A lenda é meiga, ingênua e doce...
...e meiga ingênua
e doce era melíflua Danae, filha única de Acrísiø, Rei de Argos, vivendo em
sonhos a existência que os deuses bons lhe conferiam.
Num promontório sobre
o Inacos, - o rio das fábulas dormidas — a virgem hauria os bens da vida, tinha
a seus pés os rapsodos, tinha a suas mãos fadas benignas... Nobre e sensível
castelã, de suas janelas ogivais olhava os pássaros alados, ouvia cítaras
plangentes, ouvia épicos heróicos, que os ventos sísmicos das Cícladas traziam,
em músicas vibráteis, a seus anímicos cismares...
Danae sorria e era
feliz...
Seu negro olhar de noite flébil pousava brando nas paisagens que os
nobres muros do castelo rispidamente circundavam. Seus lábios doces só se abriam
a balbúcies pueris, Vênus de corpo escultural, sangue sem apelos nem desejos,
não tinha ardor no coração. Não tinha Príncipe Encantado, não tinha anseios de
noivado, não tinha dor, não tinha amor...
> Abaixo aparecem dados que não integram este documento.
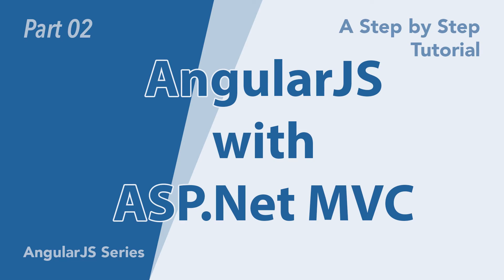Hello everyone, welcome again to another session of Minds Group Tech. Today we are continuing on our topic related to AngularJS with ASP.NET MVC.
Danae era um sopro de blandície...
Danae era a paz da Criação...
Um dia, oráculo ardiloso, —
prossegue o lúcido raconto — ao Rei prediz: morte inopina, às mãos de um neto,
ele teria, em dia infausto do porvir.
O Rei medita e pensa em Danae, a linda
e fúlgire princesa, a virgem e casta flor do Reino, a filha amada...
Mas, -
rei é rei e a vida augusta, a realeza e o trono invicto devem ser logo
preservados...
Toda de bronze, exposta aos ventos, ereta, altíssima,
imponente, a torre-cárcere se ergueu no promontório sobre o golfo de ondas
mansas, fugidias... Mandara o Rei edificá-la para encofrar a castidade da meiga
e cândida princesa... Bem alto, em cela luxuosa, entre janelas gradeadas, no
extremo andar da torre heril, a moça penitenciava a inibição de amor provável e
de pecado original...
O velho eunuco-carcereiro trazia-lhe flores e frugais,
contava lendas melancólicas de rapsodos passionais...
Danae, em seus
pérfidos desígnios, - flor de inocência e de indulgência! – cumpria sem mágoas
seu fadário...
Danae, em silêncio, meditava, fitava o muito azul do céu,
errando em sonhos e quimeras, pedindo aos deuses proteção... Recorda Zeus em
seus noivados, pensa em Semele fecundada, pensa em
Latona, mãe de Apolo,
pensa Diana, Ceres, Io, em Mnemosina, em Alemena...
Virá do Olimpo a
redenção!...
Eis que, em noite silenciosa, de ventos calmos, sem fragor,
de pulcra ronda sideral, estranha chuva a torre envolve...
E chuva de oiro,
luzidia, de fios aurifulgentes, joiando o âmago da noite, doirando o céu,
doirando o ar...
Os fios luzentes, insolentes, penetram as grades da prisão
e caem em volúpia sobre a virgem noite, explêndida, a dormir...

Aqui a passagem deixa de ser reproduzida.